> **Given records**
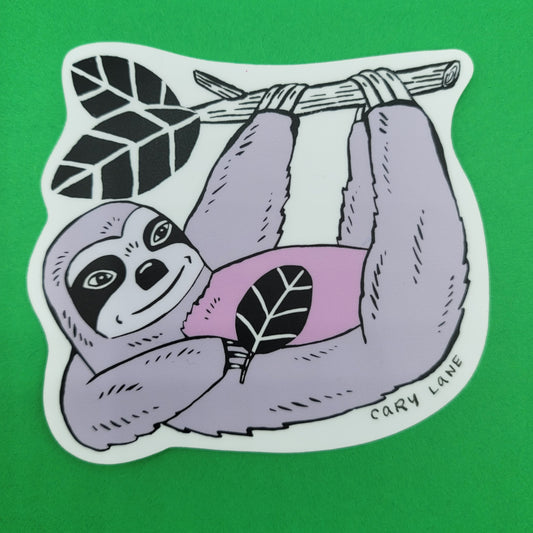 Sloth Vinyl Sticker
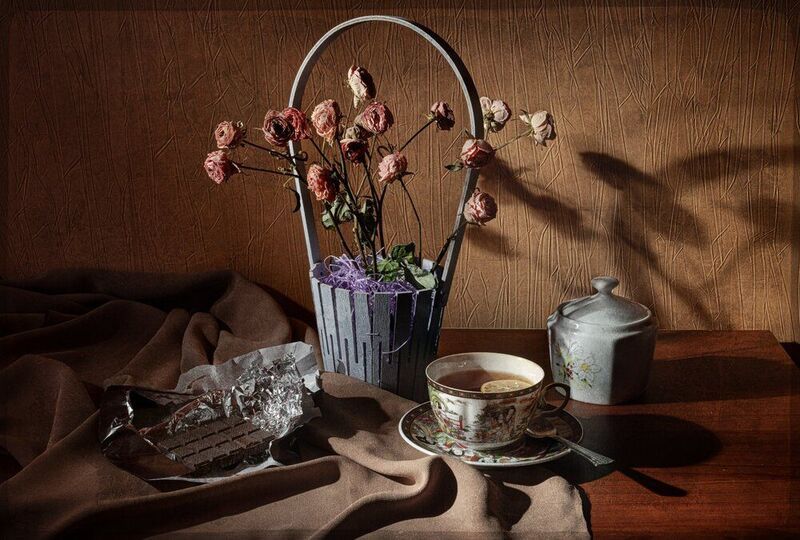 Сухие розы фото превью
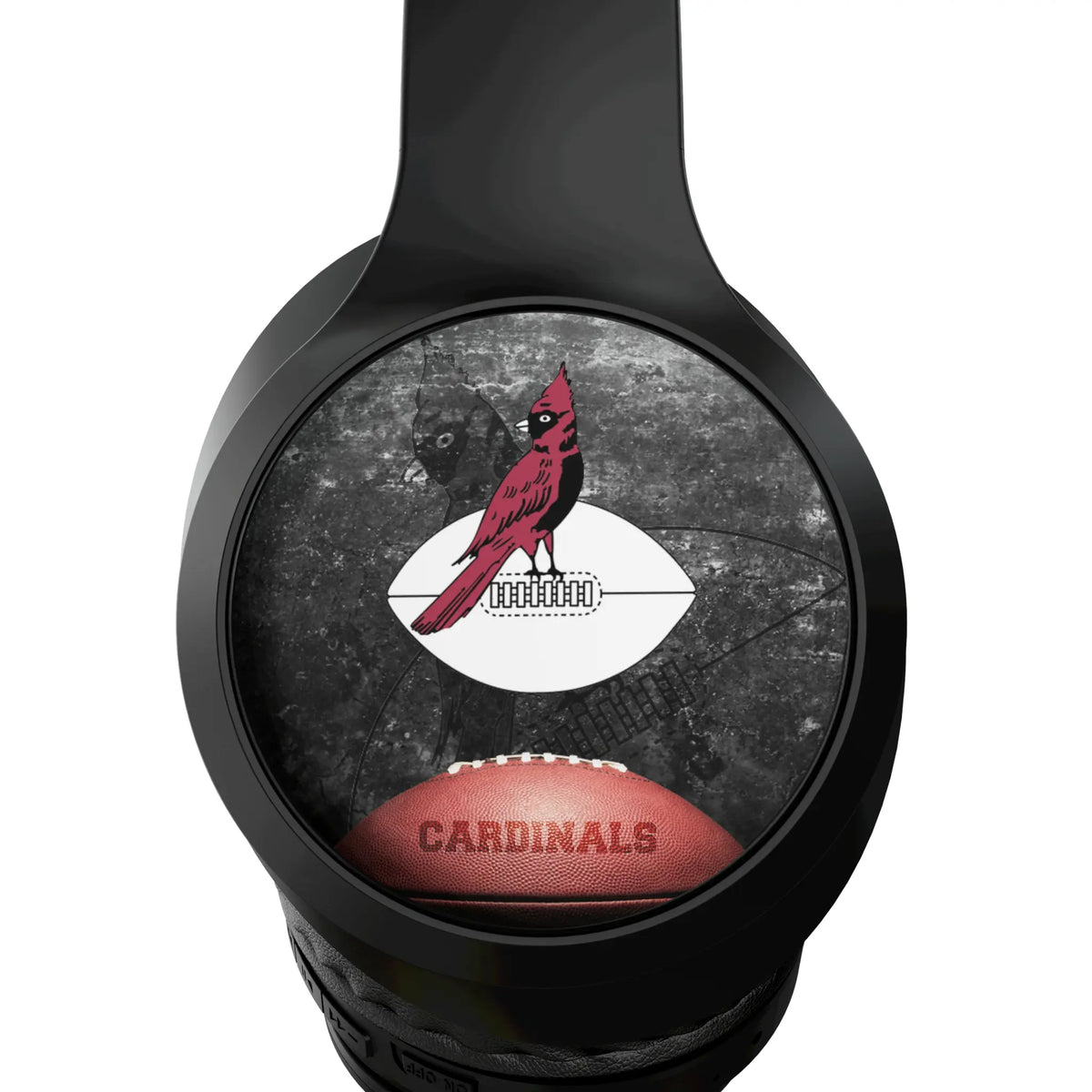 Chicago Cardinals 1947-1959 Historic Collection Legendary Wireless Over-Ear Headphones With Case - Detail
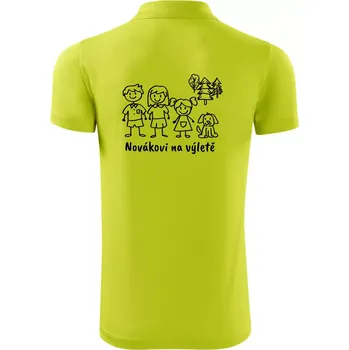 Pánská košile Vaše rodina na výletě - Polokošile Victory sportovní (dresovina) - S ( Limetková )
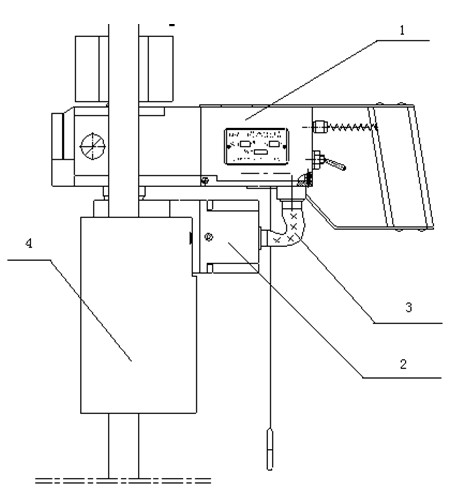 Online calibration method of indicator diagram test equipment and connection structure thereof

--

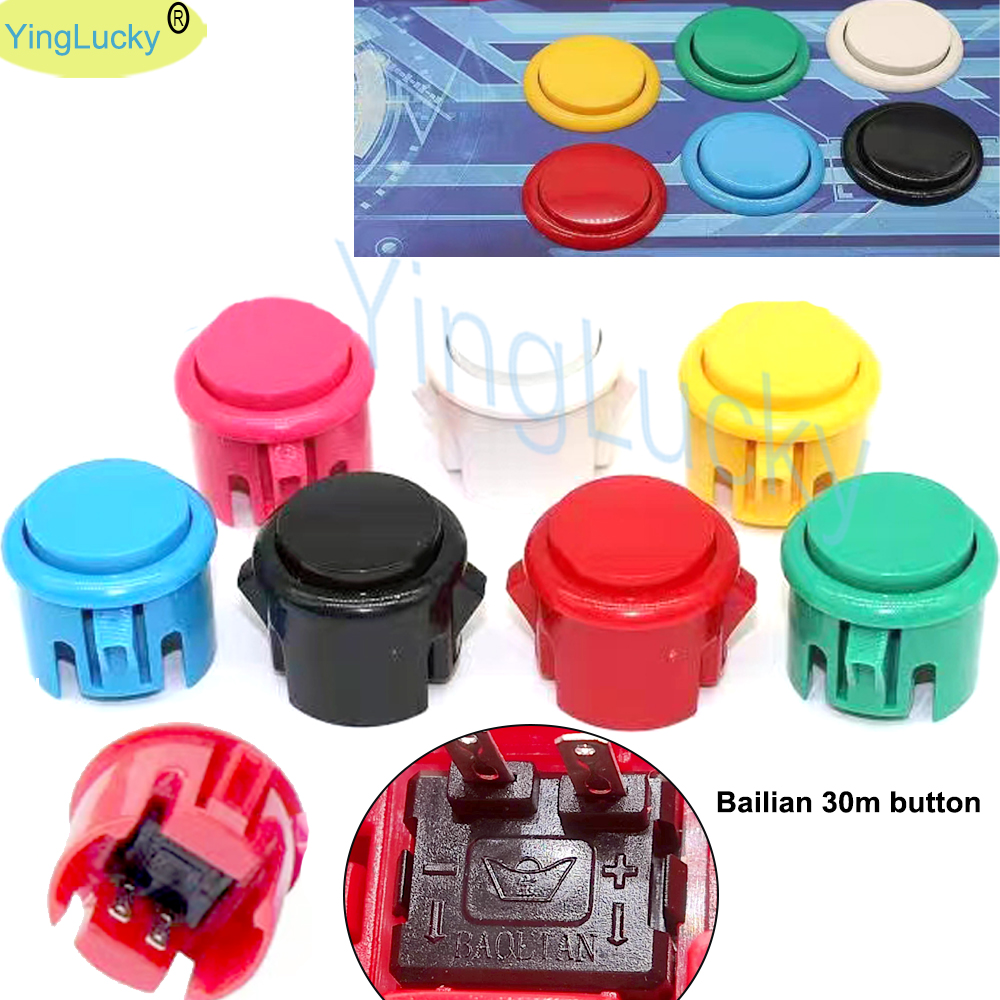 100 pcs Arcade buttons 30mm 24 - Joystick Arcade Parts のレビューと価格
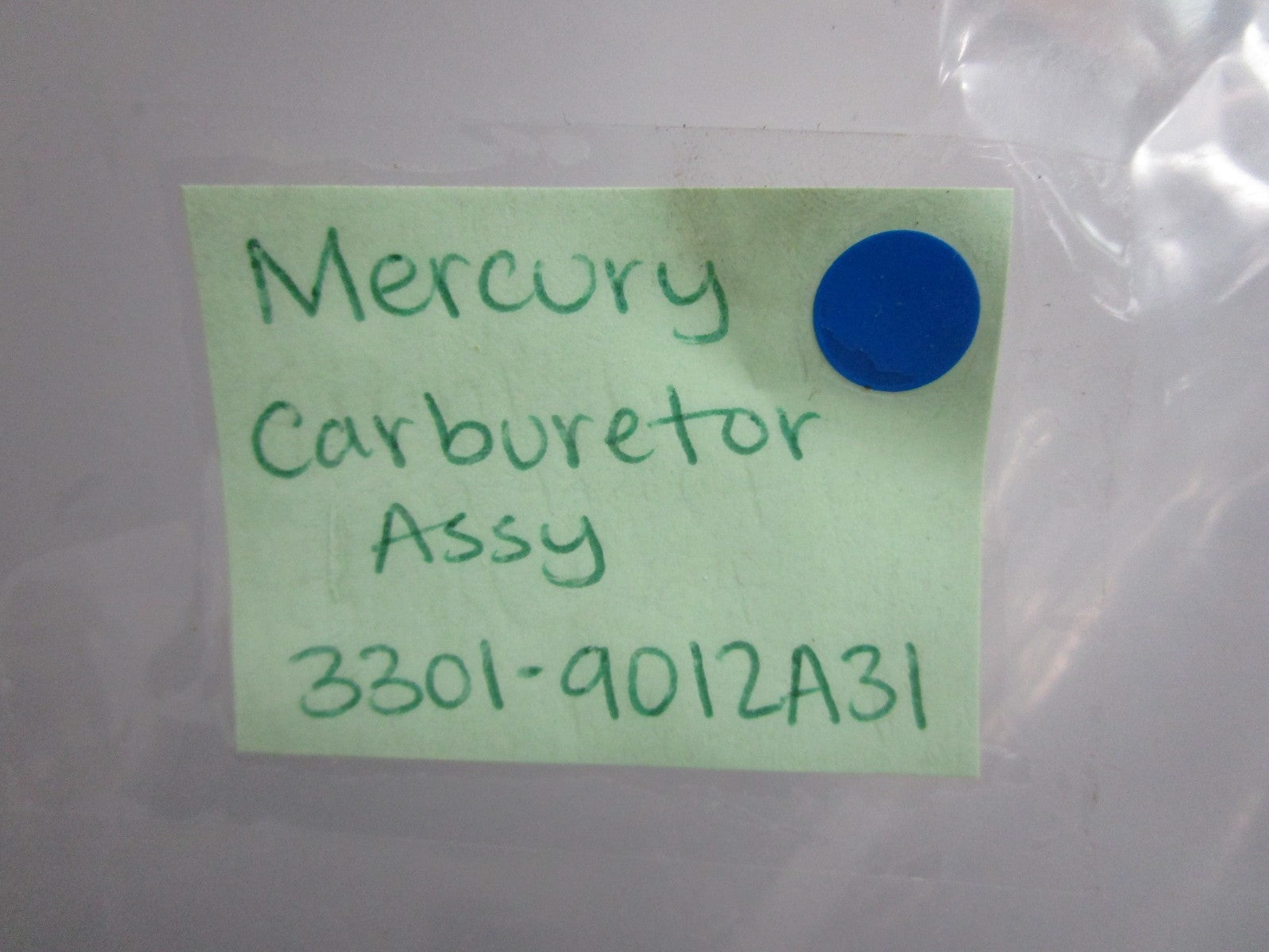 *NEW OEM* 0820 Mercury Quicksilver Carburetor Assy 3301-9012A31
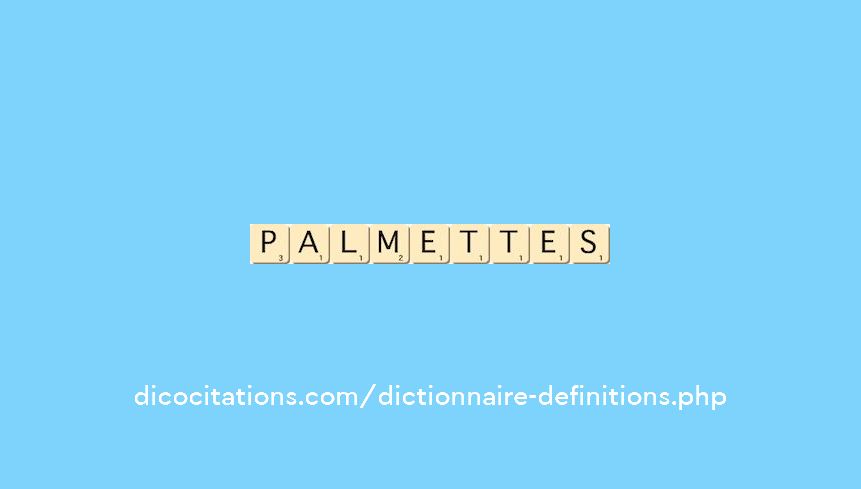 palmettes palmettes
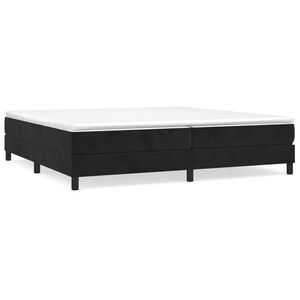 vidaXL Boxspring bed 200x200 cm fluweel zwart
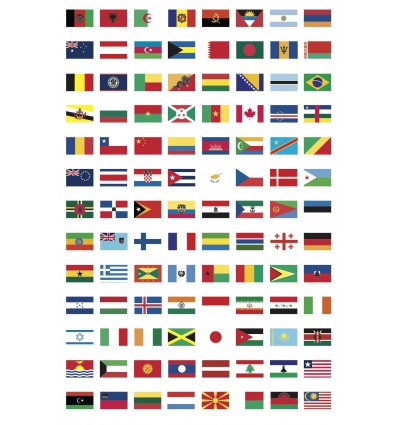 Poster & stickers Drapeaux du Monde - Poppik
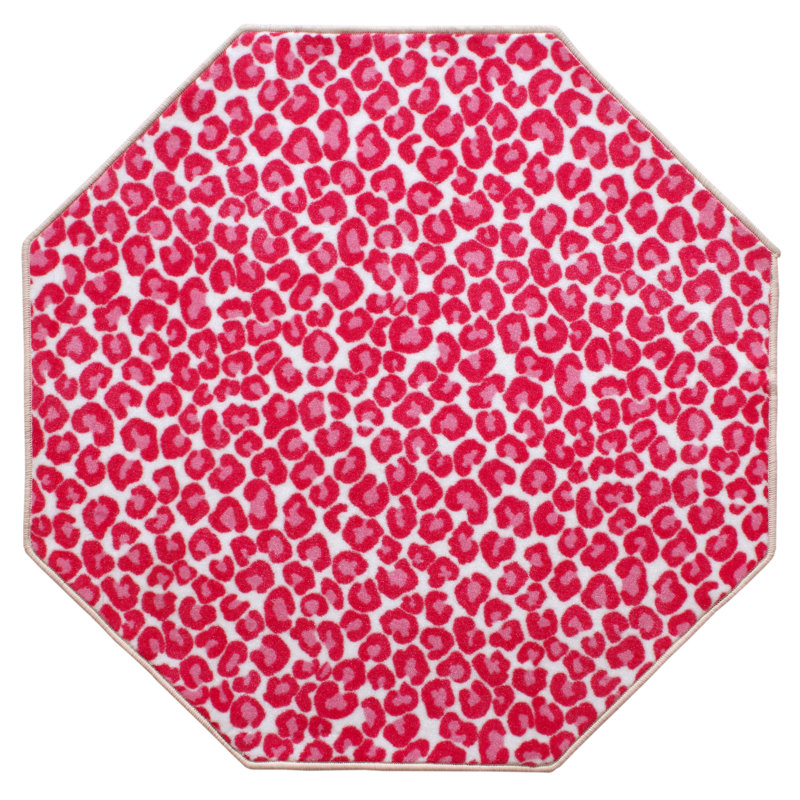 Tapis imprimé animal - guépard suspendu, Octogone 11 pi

> **Activity**
Skipping the pictures, print the lines in the listing above exactly as written, starting at the line with "Pánská košile Vaše" and ending at the line with "Online calibration method", both included.

> **Solution for this problem**
 Pánská košile Vaše rodina na výletě - Polokošile Victory sportovní (dresovina) - S ( Limetková )
 Online calibration method of indicator diagram test equipment and connection structure thereof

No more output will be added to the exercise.